Show every line below where "oldu" appears.

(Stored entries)
Start of Block

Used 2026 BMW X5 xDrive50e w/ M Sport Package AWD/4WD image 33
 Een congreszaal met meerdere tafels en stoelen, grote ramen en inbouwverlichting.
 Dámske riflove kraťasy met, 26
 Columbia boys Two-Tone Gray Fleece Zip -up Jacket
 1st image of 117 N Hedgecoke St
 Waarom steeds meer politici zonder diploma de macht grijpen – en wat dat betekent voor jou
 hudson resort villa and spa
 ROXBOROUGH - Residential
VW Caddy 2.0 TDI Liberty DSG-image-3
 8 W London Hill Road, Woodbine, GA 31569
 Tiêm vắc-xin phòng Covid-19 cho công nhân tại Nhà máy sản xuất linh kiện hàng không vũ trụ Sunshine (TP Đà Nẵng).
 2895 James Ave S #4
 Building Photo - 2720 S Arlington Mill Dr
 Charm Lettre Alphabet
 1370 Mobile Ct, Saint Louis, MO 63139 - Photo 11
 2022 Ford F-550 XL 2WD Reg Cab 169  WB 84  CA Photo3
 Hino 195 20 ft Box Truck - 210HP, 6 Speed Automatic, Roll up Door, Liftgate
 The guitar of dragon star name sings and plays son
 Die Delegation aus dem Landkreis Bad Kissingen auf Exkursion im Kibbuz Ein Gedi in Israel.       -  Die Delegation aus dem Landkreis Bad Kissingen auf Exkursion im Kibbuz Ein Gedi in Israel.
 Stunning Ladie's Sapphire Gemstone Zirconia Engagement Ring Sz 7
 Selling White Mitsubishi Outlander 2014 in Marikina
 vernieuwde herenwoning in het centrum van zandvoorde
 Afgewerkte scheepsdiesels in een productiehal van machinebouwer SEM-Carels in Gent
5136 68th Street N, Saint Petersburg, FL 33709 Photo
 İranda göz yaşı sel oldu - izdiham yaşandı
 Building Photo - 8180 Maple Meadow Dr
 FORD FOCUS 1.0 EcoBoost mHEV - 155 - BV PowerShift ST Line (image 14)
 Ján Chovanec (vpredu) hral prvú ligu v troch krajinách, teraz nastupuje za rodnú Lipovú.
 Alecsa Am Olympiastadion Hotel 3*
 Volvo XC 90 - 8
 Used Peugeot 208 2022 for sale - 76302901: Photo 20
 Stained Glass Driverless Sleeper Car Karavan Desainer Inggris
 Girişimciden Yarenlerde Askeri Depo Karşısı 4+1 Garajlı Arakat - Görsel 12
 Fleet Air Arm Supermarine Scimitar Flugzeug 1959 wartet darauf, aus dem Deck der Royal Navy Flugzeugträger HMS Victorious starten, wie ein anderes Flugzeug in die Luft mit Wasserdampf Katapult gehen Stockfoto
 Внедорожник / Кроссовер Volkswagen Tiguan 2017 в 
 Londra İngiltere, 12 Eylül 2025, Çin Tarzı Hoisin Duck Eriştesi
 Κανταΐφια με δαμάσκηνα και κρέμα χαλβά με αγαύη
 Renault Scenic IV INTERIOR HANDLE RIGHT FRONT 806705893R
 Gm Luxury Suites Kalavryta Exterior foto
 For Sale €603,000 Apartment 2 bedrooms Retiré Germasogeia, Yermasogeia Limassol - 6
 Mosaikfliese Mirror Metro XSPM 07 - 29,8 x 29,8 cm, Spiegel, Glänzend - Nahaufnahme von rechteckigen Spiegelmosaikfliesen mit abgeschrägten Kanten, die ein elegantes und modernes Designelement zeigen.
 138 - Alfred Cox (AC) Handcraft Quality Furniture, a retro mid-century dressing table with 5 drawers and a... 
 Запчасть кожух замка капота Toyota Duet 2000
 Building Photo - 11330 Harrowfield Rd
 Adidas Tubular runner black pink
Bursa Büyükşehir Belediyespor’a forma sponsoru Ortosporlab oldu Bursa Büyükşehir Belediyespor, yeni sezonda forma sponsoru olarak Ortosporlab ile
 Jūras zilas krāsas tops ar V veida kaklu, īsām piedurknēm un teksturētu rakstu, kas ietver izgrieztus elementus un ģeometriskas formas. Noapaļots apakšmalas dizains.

End of Block

* [EXERCISE OUTPUT]:
 İranda göz yaşı sel oldu - izdiham yaşandı
Bursa Büyükşehir Belediyespor’a forma sponsoru Ortosporlab oldu Bursa Büyükşehir Belediyespor, yeni sezonda forma sponsoru olarak Ortosporlab ile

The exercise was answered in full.